Assignment:
Return the records word for word. Any pictures in them are not part of the copy.

^^^^^^^^

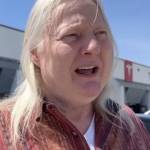 Man seen standing outside Tesla dealership, talking to the camera.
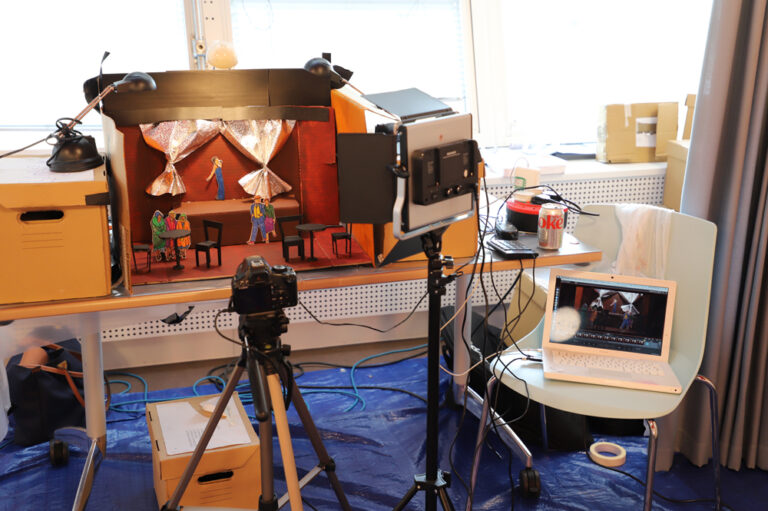 A stop-motion film set is setup on a desk with a camera and lights around it. 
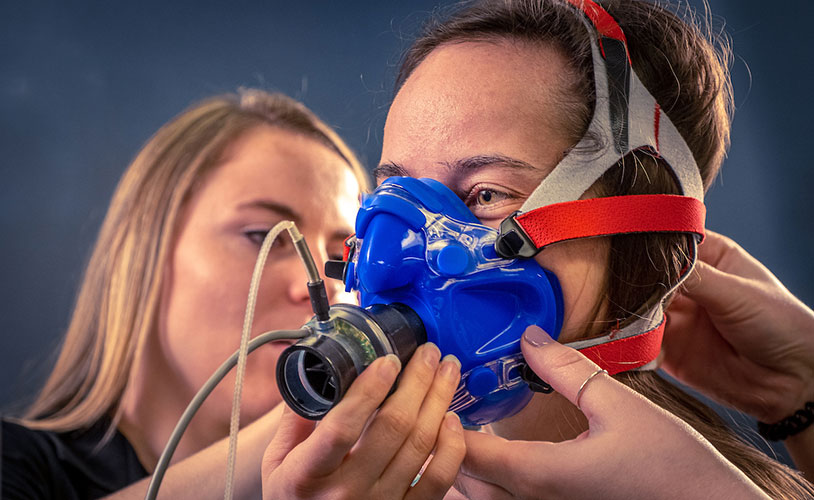 Student being fitted for face mask for metabolic testing in the human performance lab.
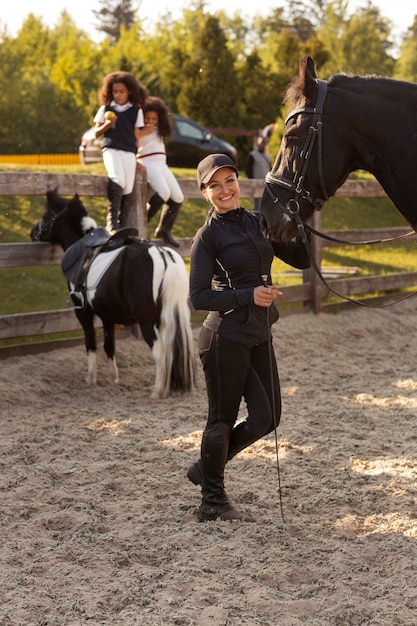 Foto gratuita niños de tiro completo aprendiendo a montar a caballo.
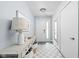 Hallway with a white door and checkerboard rug at 548 Lockerbie N Cir, Indianapolis, IN 46202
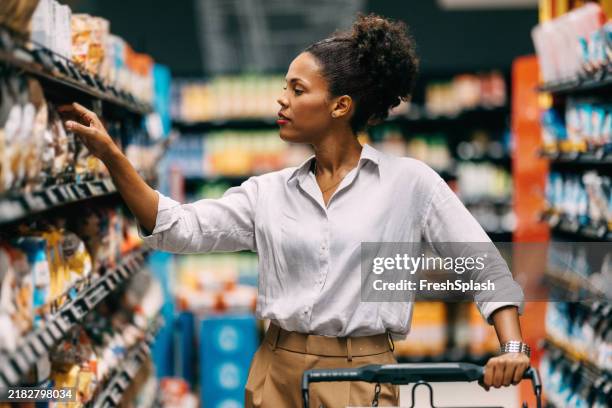 femme faisant ses courses dans l’allée du supermarché à la recherche de produits - libre service photos et images de collection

^^^^^^^^

Written answer:
 Man seen standing outside Tesla dealership, talking to the camera.
 A stop-motion film set is setup on a desk with a camera and lights around it. 
 Student being fitted for face mask for metabolic testing in the human performance lab.
 Foto gratuita niños de tiro completo aprendiendo a montar a caballo.
 Hallway with a white door and checkerboard rug at 548 Lockerbie N Cir, Indianapolis, IN 46202
 femme faisant ses courses dans l’allée du supermarché à la recherche de produits - libre service photos et images de collection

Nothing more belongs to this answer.